Solved – How to Apply the Iteratively Reweighted Least Squares (IRLS) Method to the LASSO Model

convexfeature selectiongeneralized linear modellassologistic

I have programmed a logistic regression using the IRLS algorithm. I would like to apply a LASSO penalization in order to automatically select the right features. At each iteration, the following is solved:

$$\mathbf{\left(X^TWX\right) \delta\hat\beta=X^T\left(y-p\right)}$$

Let $\lambda$ be a non-negative real number. I am not penalizing the intercept as suggested in The Elements of. Statistical Learning. Ditto for the already zero coefficients. Otherwise, I subtract a term from the right-hand side:

$$\mathbf{X^T\left(y-p\right)-\lambda\times \mathrm{sign}\left(\hat\beta\right)}$$

However, I am unsure about the modification of the IRLS algorithm. Is it the right way to do?

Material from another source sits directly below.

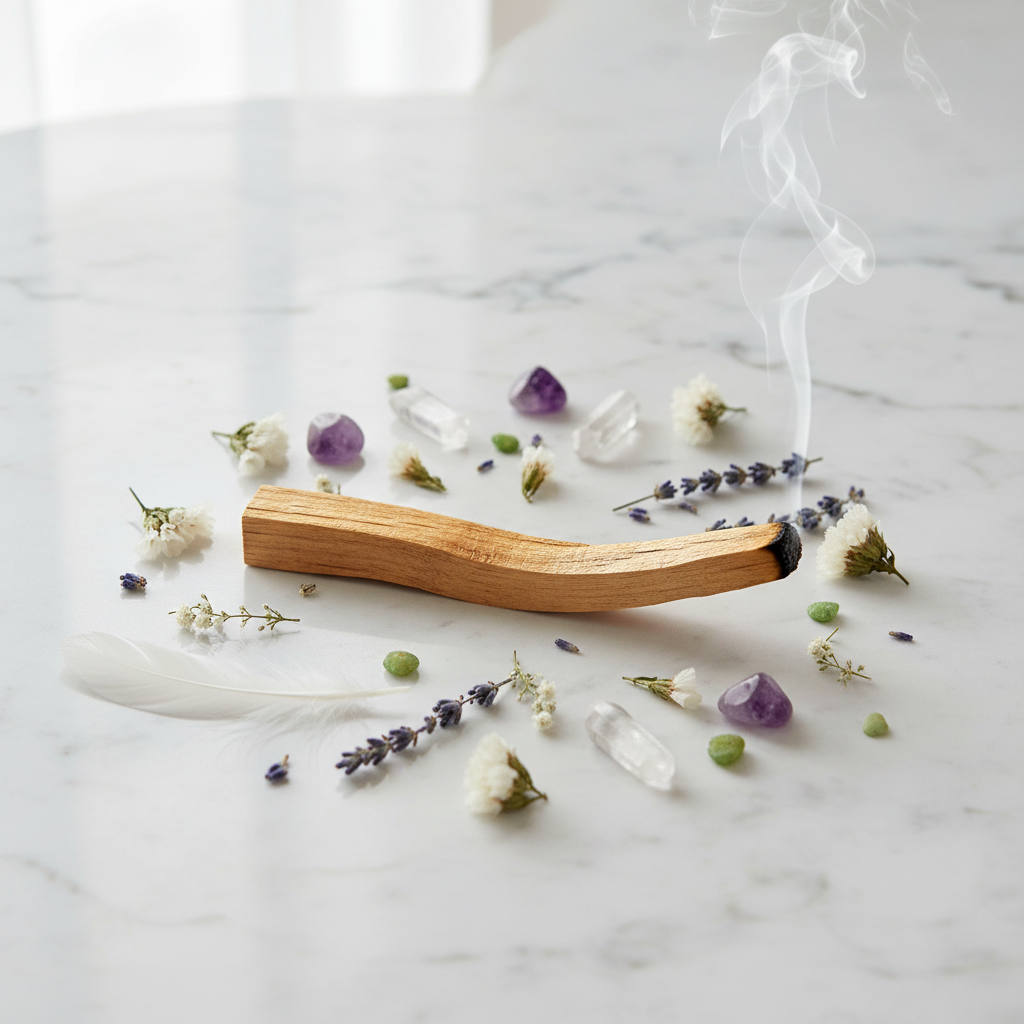 Bastoncino di Palo Santo - flat lay marmo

Edit: Although I was not confident about it, here is one of the solutions I finally came up with. What is interesting is this solution corresponds to what I now understand about LASSO. There are indeed two steps at each iteration instead of merely one:

  • the first step is the same as before : we make an iteration of the algorithm (as if $\lambda=0$ in the formula for the gradient above),
  • the second step is the new one: we apply a soft-thresholding to each component (except for the component $\beta_0$, which corresponds to the intercept) of the vector $\beta$ obtained at the first step. This is called Iterative Soft-Thresholding Algorithm.

$$\forall i \geq 1, \beta_{i}\leftarrow\mathrm{sign}\left(\beta_{i}\right)\times\max\left(0,\,\left|\beta_{i}\right|-\lambda\right)$$

Best Answer

This problem is typically solved by fit by coordinate descent (see here). This method is both safer more efficient numerically, algorithmically easier to implement and applicable to a more general array of models (also including Cox regression). An R implementation is available in the R package glmnet. The codes are open source (partly in and in C, partly in R), so you can use them as blueprints.